56.Sections 167 to 173 set up the Sentencing Guidelines Council, a new body which will produce sentencing guidelines for all criminal courts and guidelines on the allocation of cases between courts. Sentencing guidelines enable courts to approach sentence in any case from a common starting point. They are also intended to enable practitioners and the public generally to know what that starting point will be. The Act creates a new Council to promulgate those guidelines and provides for the existing Sentencing Advisory Panel to tender its advice to that Council. The Council will create guidelines across a wide range of issues that are relevant to sentencing and Courts will be obliged to take the guidelines into account when deciding a sentence. The Council will be chaired by the Lord Chief Justice and will consist of 7 further judicial members and 4 non-judicial members. In addition, the Home Secretary will appoint an observer who will bring to the Council experience of sentencing policy and the administration of sentences
57.Section 174 replaces the existing duties on courts to provide reasons for sentence, with a new overarching duty to provide reasons and explain the sentence. The court is required to give reasons if it departs from a recommended guideline. Section 175 expands the existing duty on the Home Secretary in section 95 of the Criminal Justice Act 1991 to publish information on the effectiveness of sentencing.
58.Chapter 2 provides for community orders for offenders aged 16 or over. There are currently a number of different community orders: community rehabilitation orders, community punishment orders, community punishment and rehabilitation orders, curfew orders, drug treatment and testing orders, drug abstinence orders (being piloted), and exclusion orders (not yet commenced). This Act creates a single generic community sentence, which combines requirements currently available under different community sentences.
59.The range of requirements available with a generic community sentence will be:
Compulsory (unpaid) work;
Participation in any specified activities;
Programmes aimed at changing offending behaviour;
Prohibition from certain activities;
Exclusion from certain areas;
Mental health treatment (with consent of the offender);
Drug treatment and testing (with consent of the offender);
Alcohol treatment (with consent of the offender);
Attendance centre requirements (for those under 25).
60.Schedules 8 and 9 make provision for breaches of community sentences and their transfer to Scotland or Northern Ireland.
61.Chapter 3 contains new provisions in relation to short prison sentences of less than 12 months. Currently an offender serving a prison sentence of less than 12 months is released automatically at the half way point of the sentence, and the second half of the sentence is not subject to any licence conditions. Following the recommendations of the Halliday Report ‘Making Punishments Work’, new sentences of less than 12 months have been developed which are designed to provide a more effective framework within which to address the needs of offenders.

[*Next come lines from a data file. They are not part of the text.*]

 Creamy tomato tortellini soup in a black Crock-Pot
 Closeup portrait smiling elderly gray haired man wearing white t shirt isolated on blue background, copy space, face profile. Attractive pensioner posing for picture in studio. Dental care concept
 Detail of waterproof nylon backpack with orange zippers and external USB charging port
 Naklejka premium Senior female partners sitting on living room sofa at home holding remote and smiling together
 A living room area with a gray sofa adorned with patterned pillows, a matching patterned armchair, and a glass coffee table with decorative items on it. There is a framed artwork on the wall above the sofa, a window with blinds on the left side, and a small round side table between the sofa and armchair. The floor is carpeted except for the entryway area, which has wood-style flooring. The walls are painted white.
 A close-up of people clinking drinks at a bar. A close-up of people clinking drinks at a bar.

62.Sections 181 and 182 make provision for the new sentence (described in the Halliday report as “custody plus”), that will replace all short prison sentences of under 12 months (with the exception of intermittent custody). It will be made up of a short period in custody of up to 3 months (to fulfil the punishment purpose of the sentence) followed by a longer period under supervision in the community (to fulfil the reparation and crime reduction purposes of the sentence) of a minimum of 6 months. At the point of sentence the court will specify the lengths of the two parts and attach specific requirements, based upon those available under the generic community sentence, to the supervision part of the sentence so as to address the rehabilitative needs of the offender.

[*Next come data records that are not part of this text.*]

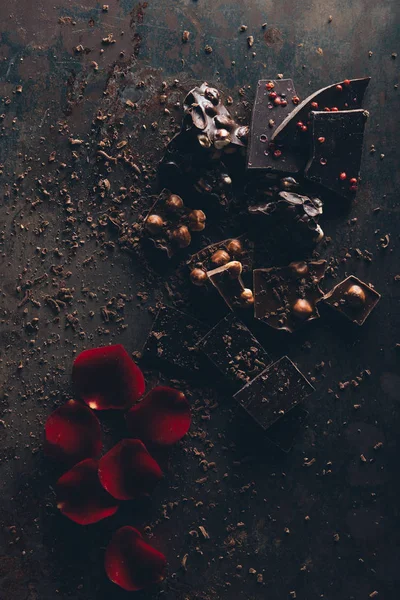 Draufsicht auf köstliche Schokoladenstücke mit Nüssen und roten Rosenblättern auf dunkler Oberfläche — Stockfoto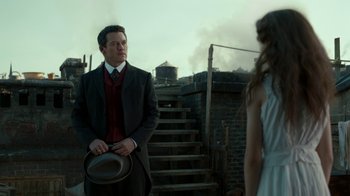 Movie still from “The Alienist” (2018), created by Cary Joji Fukunaga – A man and a woman standing next to each other; Medium shot, Over the shoulder angle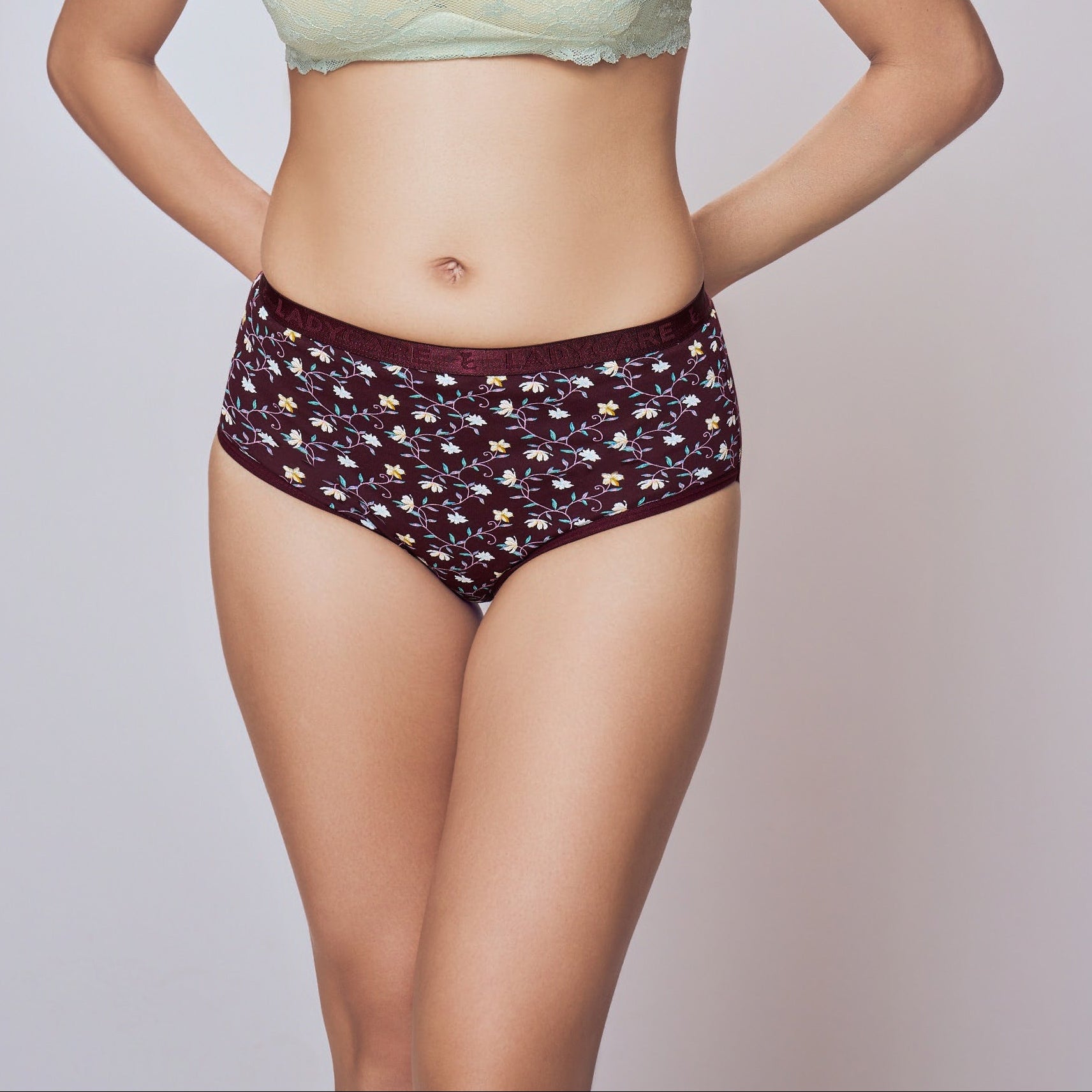 Woman wearing a light green bikini top and dark patterned bottoms on a plain background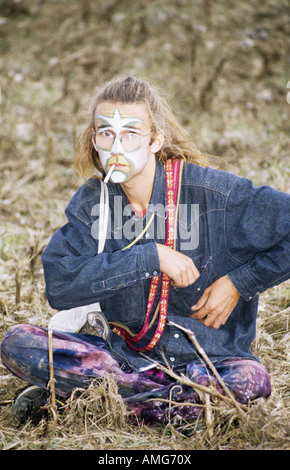 Mann sitzt auf dem Boden, gekleidet wie ein Hippie, England Stockfoto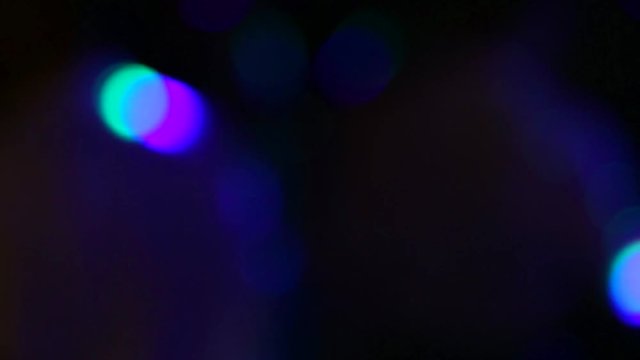 Beautiful flickering in darkness disco lights background. Changing bright blue, green, purple, red colors with flares. Real time full hd video footage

63.If the court deems it appropriate, and the offender consents, the custodial part of the sentence can be served intermittently. Sections 183 to 186 outline this sentence. Where an intermittent custody order is made the custodial periods will be served in short blocks of a few days at a time, while the licence period runs between the blocks (and may continue after the last custodial period). Intermittent custody will enable offenders to maintain jobs, family ties or education, all of which have been shown to play a part in reducing re-offending. This will be a new type of sentence in England and Wales, although there are similar systems in Europe. It will be piloted in two sites before a decision is made on whether to implement it more widely. If an offender fails to comply with the terms of the community part of the sentence he will be returned to custody. As with all recalls, the Parole Board will decide when he is to be re-released.
64.Schedules 10 and 11 set out the provisions for dealing with revocation and amendment of custody plus and intermittent custody orders, and for their transfer to Scotland and Northern Ireland.

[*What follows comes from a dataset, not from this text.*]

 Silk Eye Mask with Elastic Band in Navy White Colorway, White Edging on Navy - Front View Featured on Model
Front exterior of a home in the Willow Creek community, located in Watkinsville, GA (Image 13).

65.Sections 189 to 194 deal with suspended sentences. At present a custodial sentence can be suspended for between one and two years provided that the offence warrants custody and the suspension is justified by the “exceptional circumstances” of the case. A suspended sentence can be combined with a fine or compensation order, but not with a community sentence (although a supervision order can be attached). The custodial sentence is activated by the committal of another imprisonable offence. This Act replaces this sentence with an amended version which is designed to be more widely available and more effective in correcting offending behaviour. The key change is that the court may suspend a short custodial sentence (as described in Section 181) for between six months and two years on condition that the offender undertakes activities in the community. These activities are chosen by the court from the list available under the generic community sentence. If the offender breaches the terms of the suspension the suspended sentence will be activated. The commission of a further offence during the period of suspension will also count as a breach, and the offender’s existing suspended sentence will normally be activated when the court sentences him for the new offence. The provisions dealing with breaches of suspended sentences are set out in Schedule 12 and arrangements for their transfer to Scotland or Northern Ireland in Schedule 13.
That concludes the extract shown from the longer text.